Les chercheurs ont testé cette hypothèse sur des souris en bonne santé. Certaines avaient un nerf vague intact, d’autres en avaient un sectionné au niveau de l’abdomen. Ce qu’ont fait les scientifiques est simple : ils ont transféré un microbiote altéré issu d’organismes qui souffraient de dépression aux rongeurs des deux groupes. “Cette procédure de transfert est courante en laboratoire pour induire une dépression chez les animaux receveurs. Cela se traduit par une perte d’intérêt, de curiosité, de motivation, ou encore une apathie lors d’exercices simples”, précise l’auteure.
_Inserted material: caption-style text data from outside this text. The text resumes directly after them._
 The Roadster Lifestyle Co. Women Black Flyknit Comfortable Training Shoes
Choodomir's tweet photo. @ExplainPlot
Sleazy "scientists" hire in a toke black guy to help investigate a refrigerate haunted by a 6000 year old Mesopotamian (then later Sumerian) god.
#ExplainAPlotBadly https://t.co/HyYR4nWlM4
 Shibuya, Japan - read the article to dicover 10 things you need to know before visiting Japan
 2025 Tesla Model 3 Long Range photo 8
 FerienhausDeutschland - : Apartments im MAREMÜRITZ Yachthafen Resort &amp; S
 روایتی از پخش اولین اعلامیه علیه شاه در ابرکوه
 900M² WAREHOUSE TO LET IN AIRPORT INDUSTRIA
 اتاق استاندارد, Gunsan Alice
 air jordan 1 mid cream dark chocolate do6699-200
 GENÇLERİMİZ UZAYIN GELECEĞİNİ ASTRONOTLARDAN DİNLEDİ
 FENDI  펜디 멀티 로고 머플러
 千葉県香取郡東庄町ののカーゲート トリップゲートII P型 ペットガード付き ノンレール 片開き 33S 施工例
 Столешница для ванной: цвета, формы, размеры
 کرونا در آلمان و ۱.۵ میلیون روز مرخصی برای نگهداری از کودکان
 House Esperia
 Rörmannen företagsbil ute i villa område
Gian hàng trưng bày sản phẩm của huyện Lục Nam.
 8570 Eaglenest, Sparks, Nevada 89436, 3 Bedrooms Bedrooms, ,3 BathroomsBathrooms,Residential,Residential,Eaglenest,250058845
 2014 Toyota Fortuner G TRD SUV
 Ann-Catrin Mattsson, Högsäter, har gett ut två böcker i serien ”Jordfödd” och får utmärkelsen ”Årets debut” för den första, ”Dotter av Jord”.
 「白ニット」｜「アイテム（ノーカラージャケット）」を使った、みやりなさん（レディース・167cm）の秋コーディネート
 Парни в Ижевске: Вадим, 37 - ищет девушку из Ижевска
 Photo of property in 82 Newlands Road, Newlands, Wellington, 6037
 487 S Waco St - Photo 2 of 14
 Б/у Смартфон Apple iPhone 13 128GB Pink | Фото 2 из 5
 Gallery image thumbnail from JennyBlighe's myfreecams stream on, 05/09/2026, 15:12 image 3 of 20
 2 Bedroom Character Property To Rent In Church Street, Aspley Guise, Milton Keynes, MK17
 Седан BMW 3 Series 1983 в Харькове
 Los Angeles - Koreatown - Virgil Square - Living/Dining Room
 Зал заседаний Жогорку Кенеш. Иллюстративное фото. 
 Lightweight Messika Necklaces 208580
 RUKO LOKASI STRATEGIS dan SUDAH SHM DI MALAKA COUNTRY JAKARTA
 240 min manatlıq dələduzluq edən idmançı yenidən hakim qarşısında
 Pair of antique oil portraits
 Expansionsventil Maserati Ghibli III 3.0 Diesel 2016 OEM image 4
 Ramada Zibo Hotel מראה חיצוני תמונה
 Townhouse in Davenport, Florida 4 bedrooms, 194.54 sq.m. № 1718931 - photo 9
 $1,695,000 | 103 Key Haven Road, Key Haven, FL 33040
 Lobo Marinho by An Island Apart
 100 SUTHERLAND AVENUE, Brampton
Résultats : les souris ayant un nerf vague intact ont présenté ces symptômes dépressifs, tandis que celles avec un nerf sectionné sont restées en bonne santé mentale.

“L’effet est très significatif puisque la totalité des animaux concernés a été protégée de la maladie. La vagotomie (section du nerf vague, ndlr) a provoqué un découplage de l’intestin et du cerveau qui a suffi à préserver les sujets de l’état dépressif provoqué par" un déséquilibre intestinal, présente-t-elle.

Stimuler le nerf vague, le traitement de demain ?

Ces résultats permettent d’en savoir plus sur ce lien entre microbiote et dépression, mais surtout ils pourraient ouvrir quelques pistes de réflexion sur de futurs traitements. La maladie est actuellement mal soignée par les traitements actuels : environ 30% des patients ne répondent pas de manière satisfaisante aux inhibiteurs de recapture de la sérotonine, et souffrent de dépression résistante.

L’idée serait de proposer, en parallèle des traitements, des thérapies de stimulation du nerf vague avec de la méditation ou des massages, conclut la scientifique.